Collection entries
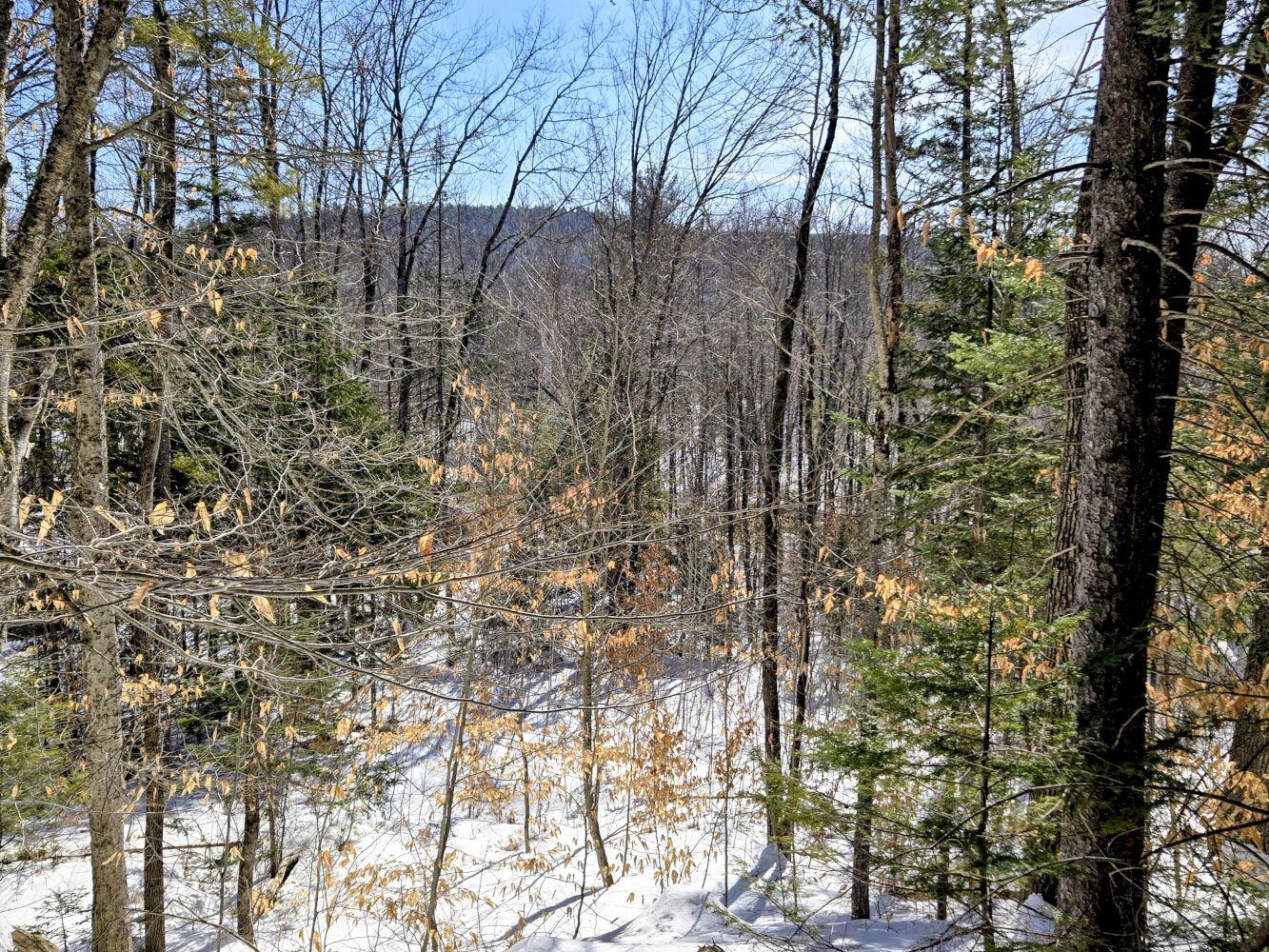 Lot 10 Staples Pond Road Temple, ME 04984 - Photo 5 of 37 20260303_104235~2_result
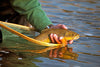 The Gentle Art of Catch, Handle, and Release: A Guide to Ethical Fishing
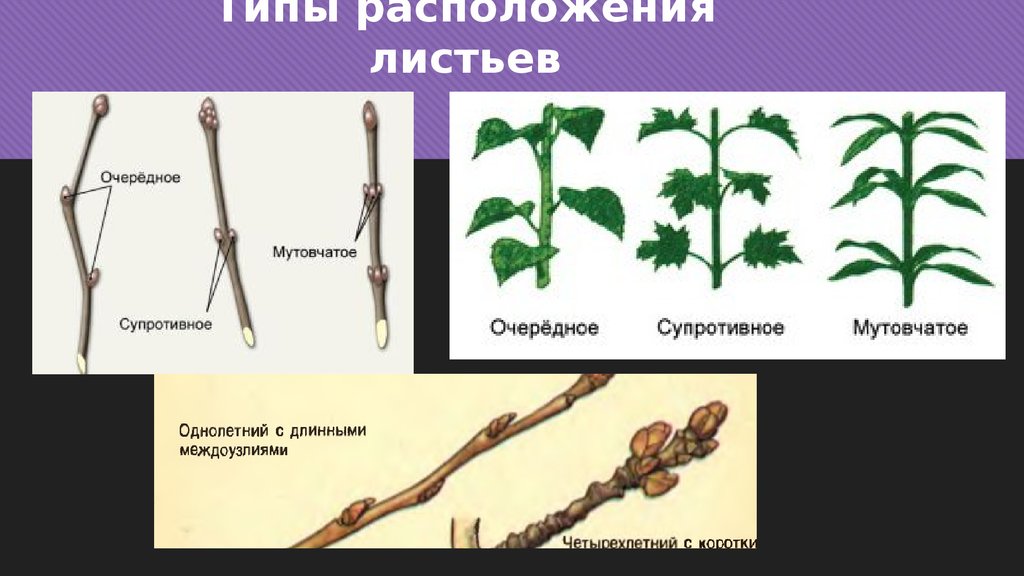 Наличие побегов. Строение побега супротивного. Типы расположения листьев. Расположение листьев на побегах. Липа расположение листьев.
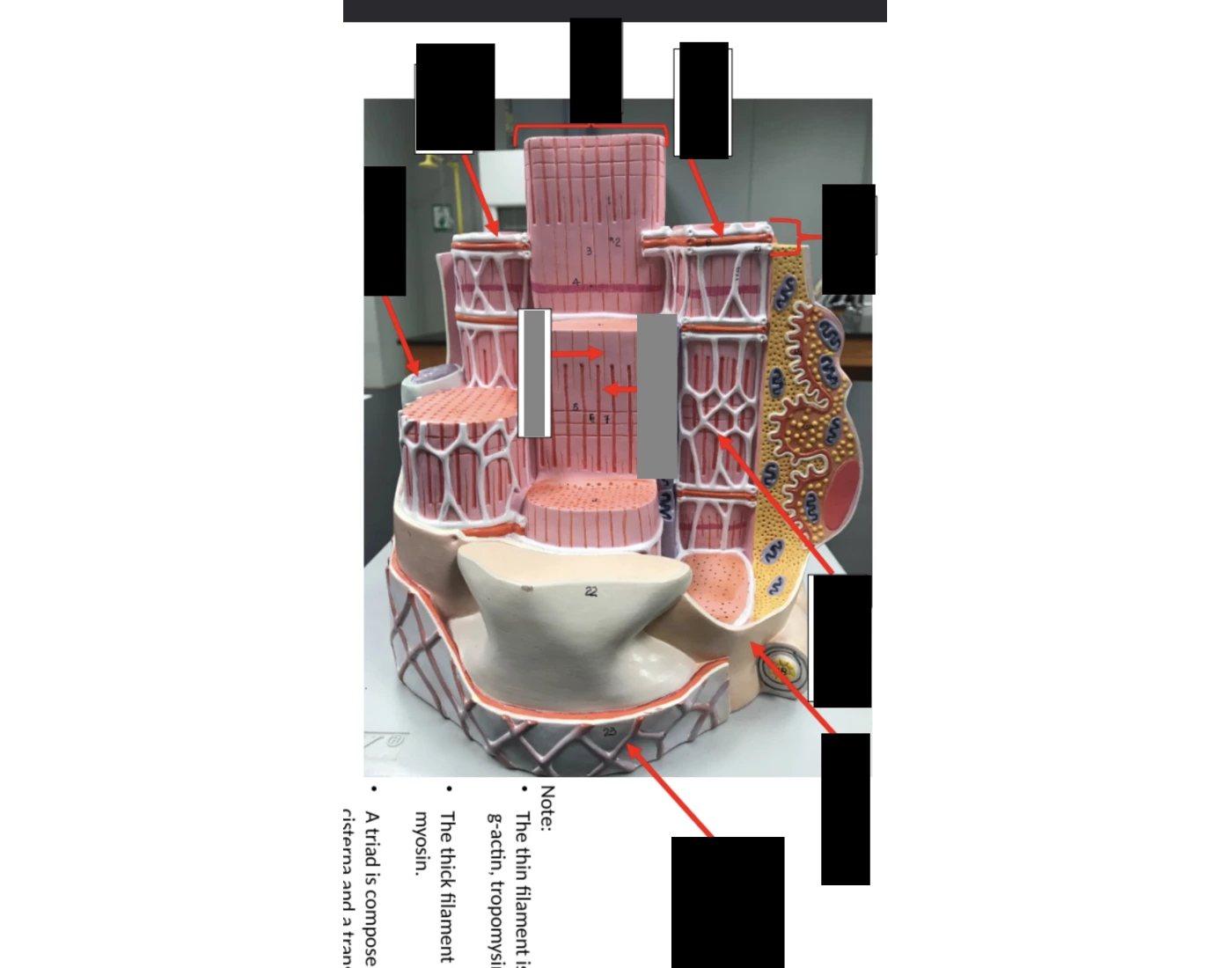 Muscle Fiber Anatomy 1 Quiz Biology Diagrams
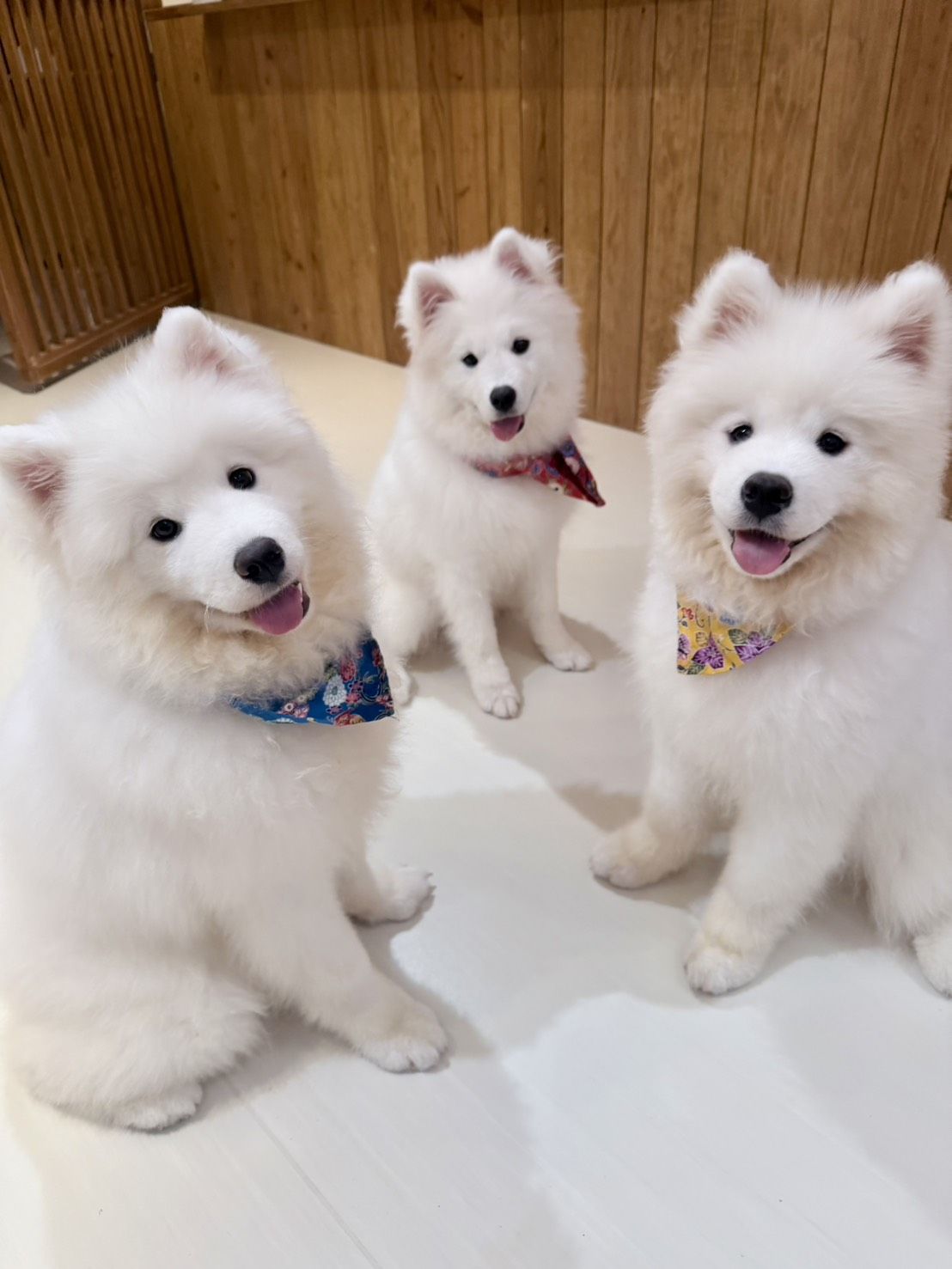 サモエド samoyed ニットベスト SAMOYED BASE - サモエドベース | 今流行りのきのこさんになってみまし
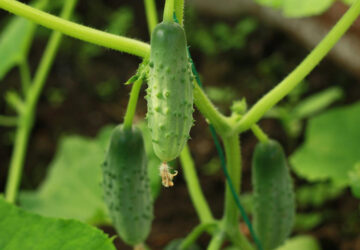 Common Mistakes: Cucumber Harvest
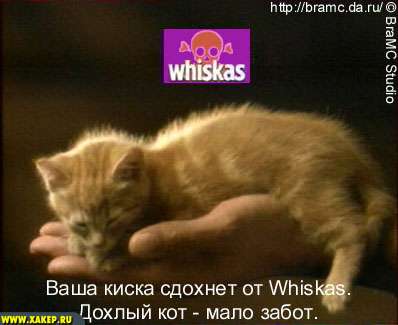 Whiskas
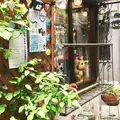 ふくねこ堂の写真_261139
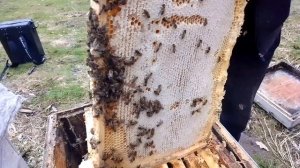 на Лесном облётнике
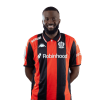 Player cutout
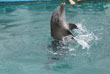 Dolphin Encounters, pic 7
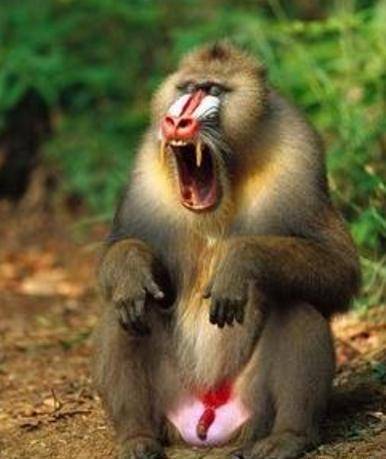 原创它是《山海经》中的人脸猴,与人类见过面,花豹也不是其对手_山魈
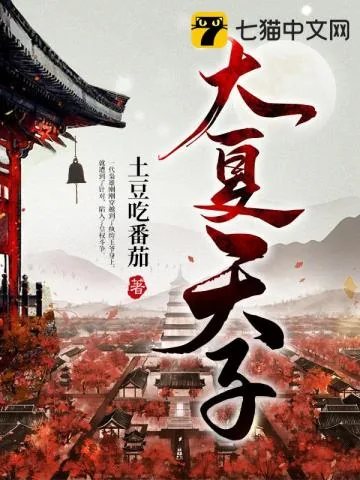 《大夏天子》小说封面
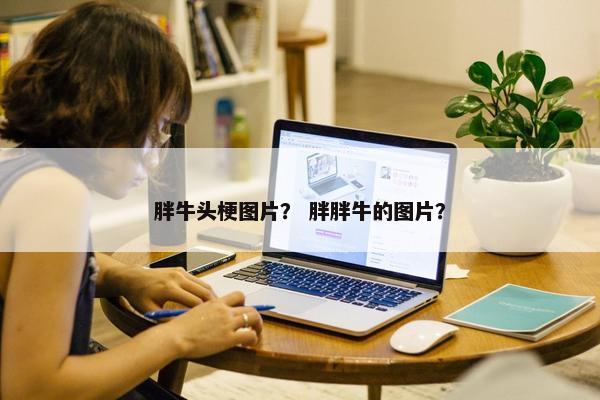 胖牛头梗图片？ 胖胖牛的图片？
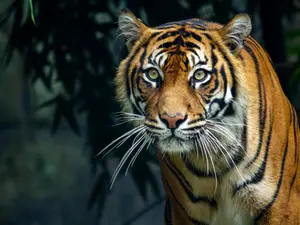 What do you call a tiger running a copy machine?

Aim of the exercise: Copy each record exactly. Leave any images out of the copy.

Answer section:
 Lot 10 Staples Pond Road Temple, ME 04984 - Photo 5 of 37 20260303_104235~2_result
 The Gentle Art of Catch, Handle, and Release: A Guide to Ethical Fishing
 Наличие побегов. Строение побега супротивного. Типы расположения листьев. Расположение листьев на побегах. Липа расположение листьев.
 Muscle Fiber Anatomy 1 Quiz Biology Diagrams
 サモエド samoyed ニットベスト SAMOYED BASE - サモエドベース | 今流行りのきのこさんになってみまし
 Common Mistakes: Cucumber Harvest
 Whiskas
 ふくねこ堂の写真_261139
 на Лесном облётнике
 Player cutout
 Dolphin Encounters, pic 7
 原创它是《山海经》中的人脸猴,与人类见过面,花豹也不是其对手_山魈
 《大夏天子》小说封面
 胖牛头梗图片？ 胖胖牛的图片？
 What do you call a tiger running a copy machine?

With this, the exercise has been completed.